WHAT NEEDS TO BE DONE: Transcribe exactly the line in which "Audi A4 2018 photo 3" occurs, plus every line that comes after it up to the end of the entries.

(Caption-style text data)
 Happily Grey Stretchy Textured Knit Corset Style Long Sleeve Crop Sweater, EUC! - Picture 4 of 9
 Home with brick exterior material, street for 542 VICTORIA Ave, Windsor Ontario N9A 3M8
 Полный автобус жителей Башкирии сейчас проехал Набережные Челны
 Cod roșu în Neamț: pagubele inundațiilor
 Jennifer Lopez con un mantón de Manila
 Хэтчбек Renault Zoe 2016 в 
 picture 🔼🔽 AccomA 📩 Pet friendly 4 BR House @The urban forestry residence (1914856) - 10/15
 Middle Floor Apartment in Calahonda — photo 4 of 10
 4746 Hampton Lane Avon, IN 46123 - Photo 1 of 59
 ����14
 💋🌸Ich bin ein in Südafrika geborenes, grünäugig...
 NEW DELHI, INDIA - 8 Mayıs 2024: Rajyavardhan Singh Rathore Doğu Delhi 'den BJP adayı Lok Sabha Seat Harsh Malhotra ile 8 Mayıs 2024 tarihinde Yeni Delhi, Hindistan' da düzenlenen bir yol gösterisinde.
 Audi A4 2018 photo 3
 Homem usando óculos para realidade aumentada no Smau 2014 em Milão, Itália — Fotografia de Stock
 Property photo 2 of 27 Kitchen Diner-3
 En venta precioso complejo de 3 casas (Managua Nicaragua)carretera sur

ANSWER:
 Audi A4 2018 photo 3
 Homem usando óculos para realidade aumentada no Smau 2014 em Milão, Itália — Fotografia de Stock
 Property photo 2 of 27 Kitchen Diner-3
 En venta precioso complejo de 3 casas (Managua Nicaragua)carretera sur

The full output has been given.